John Hewitt was born at 96 Cliftonpark Avenue, Belfast, on 28th October 1907 the only son of Robert Telford Hewitt and his wife Elinor Robinson, and educated at Agnes Street National School (where is father was principal), Methodist College, and Queen's University, Belfast, where he took a BA in English. He also briefly attended the Royal Belfast Academical Institution and Stranmillis College.

From 1930 to 1957 Hewitt worked in the Belfast Museum and Art Gallery, and while living at 18 Mountcharles published his first substantial book of poems, No Rebel Word (1948). (He had earlier published two small pamphlets, Conacre in 1943 and Compass: Two Poems in 1944.) In 1957, having been passed over for the directorship of the Museum, supposedly because of his left-wing views, he resigned from his position there and took up the post of Art Director of the Herbert Art Gallery and Museum in Coventry, where he stayed until his retirement in 1972.

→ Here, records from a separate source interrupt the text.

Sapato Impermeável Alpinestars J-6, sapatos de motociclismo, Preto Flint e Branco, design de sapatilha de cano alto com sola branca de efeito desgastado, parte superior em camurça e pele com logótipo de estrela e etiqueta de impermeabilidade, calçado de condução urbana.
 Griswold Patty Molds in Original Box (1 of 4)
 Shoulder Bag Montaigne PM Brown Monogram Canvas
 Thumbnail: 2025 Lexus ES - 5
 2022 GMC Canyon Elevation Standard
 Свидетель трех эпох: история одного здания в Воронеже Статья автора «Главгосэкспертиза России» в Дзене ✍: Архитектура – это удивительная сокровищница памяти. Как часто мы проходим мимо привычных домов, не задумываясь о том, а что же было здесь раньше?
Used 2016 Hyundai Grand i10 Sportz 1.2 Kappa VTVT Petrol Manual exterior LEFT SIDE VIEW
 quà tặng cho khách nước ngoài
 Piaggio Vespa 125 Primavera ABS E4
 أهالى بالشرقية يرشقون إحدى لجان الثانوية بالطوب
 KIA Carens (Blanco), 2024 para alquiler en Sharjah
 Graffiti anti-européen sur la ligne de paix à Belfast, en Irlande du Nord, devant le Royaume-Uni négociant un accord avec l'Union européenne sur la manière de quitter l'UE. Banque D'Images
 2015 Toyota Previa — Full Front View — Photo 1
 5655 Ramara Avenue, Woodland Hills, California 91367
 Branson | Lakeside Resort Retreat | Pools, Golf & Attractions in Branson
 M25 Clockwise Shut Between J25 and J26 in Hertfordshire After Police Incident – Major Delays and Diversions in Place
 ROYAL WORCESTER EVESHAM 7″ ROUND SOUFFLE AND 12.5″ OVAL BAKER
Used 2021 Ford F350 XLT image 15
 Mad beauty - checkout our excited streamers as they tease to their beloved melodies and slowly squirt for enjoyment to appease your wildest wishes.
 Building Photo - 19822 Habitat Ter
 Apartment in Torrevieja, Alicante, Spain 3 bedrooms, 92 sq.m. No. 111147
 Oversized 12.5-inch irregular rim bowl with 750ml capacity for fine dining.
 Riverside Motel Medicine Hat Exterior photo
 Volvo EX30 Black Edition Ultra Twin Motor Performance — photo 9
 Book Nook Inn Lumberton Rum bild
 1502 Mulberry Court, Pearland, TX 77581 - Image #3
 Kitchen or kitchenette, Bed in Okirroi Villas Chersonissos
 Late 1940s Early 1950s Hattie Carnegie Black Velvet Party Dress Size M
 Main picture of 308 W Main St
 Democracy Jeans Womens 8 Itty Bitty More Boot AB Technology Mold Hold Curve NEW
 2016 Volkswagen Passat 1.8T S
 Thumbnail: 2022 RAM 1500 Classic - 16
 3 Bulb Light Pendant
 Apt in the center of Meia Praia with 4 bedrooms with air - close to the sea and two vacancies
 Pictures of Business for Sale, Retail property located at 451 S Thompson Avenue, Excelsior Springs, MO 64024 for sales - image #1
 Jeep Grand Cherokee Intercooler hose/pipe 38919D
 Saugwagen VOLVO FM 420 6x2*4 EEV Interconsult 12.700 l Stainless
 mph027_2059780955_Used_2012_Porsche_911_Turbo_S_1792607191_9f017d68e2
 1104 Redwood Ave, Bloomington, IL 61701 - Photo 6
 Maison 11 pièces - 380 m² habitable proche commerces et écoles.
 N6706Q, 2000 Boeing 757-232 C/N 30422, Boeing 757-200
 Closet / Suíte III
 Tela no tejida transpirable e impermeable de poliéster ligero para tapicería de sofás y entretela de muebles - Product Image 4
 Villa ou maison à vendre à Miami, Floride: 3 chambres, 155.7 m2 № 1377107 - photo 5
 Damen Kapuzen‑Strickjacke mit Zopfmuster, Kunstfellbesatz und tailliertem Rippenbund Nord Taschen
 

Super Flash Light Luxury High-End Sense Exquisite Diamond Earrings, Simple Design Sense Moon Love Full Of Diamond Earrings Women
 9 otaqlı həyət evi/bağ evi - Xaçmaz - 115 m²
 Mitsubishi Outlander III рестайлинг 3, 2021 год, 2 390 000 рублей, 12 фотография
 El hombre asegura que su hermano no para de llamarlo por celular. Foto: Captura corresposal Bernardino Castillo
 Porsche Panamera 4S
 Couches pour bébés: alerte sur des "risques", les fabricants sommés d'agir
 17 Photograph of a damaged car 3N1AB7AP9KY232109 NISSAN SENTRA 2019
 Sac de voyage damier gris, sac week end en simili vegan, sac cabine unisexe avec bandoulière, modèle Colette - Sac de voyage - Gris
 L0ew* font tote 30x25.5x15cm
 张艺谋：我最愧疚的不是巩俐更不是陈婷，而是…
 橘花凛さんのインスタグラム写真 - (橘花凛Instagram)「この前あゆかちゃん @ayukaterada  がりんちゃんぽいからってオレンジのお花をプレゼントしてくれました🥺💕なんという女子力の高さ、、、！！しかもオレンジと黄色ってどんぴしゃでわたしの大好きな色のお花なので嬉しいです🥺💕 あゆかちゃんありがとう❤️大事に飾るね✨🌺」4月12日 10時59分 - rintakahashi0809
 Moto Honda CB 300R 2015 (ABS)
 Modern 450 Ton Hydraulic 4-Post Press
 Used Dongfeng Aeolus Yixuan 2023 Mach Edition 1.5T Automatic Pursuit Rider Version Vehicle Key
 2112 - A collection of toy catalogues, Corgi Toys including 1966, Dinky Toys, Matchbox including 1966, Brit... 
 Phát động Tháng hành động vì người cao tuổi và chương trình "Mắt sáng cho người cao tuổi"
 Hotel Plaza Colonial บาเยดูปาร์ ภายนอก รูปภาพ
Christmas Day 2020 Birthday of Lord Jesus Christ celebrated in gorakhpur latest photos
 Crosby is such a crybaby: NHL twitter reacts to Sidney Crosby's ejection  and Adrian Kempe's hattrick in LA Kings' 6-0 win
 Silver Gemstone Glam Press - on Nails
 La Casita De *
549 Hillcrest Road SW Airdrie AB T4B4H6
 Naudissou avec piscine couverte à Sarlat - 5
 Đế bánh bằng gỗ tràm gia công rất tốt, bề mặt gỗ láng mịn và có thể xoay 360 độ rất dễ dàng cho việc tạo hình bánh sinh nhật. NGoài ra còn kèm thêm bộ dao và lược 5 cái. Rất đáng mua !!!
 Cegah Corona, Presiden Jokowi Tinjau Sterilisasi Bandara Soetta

There were further publications during these years - including Collected Poems 1932 -1967 in 1968 - but his most productive period followed his retirement, when he moved back to Belfast to live at 11 Stockman's Lane. During that time he published seven new poetry collections, a book on the rhyming weaver-poets of Antrim and Down, and monographs on the artists John Luke and Colin Middleton. Between 1976 and 1979 he was the first writer-in-residence at Queen's University, Belfast, and in 1983 was made a freeman of the City of Belfast.

 Hewitt described himself as a "man of the left" and with his wife Roberta was involved with organisations like the British Labour Party, The Fabian Society, the Left Book Club and the Peace League. He was an early advocate of the idea of regionalism inside Ireland and notably described himself as "Ulster, Irish, British and European." He stood in a direct line of descent from the political liberals of 1798. In 1978 the Arts Council for Northern Ireland produced a short film about John Hewitt, and he was awarded honorary doctorates from both the University of Ulster and Queen's University, Belfast. His lasting contribution to the arts in Ulster is recognised in the annual John Hewitt International Summer School. He died on 27 June 1987.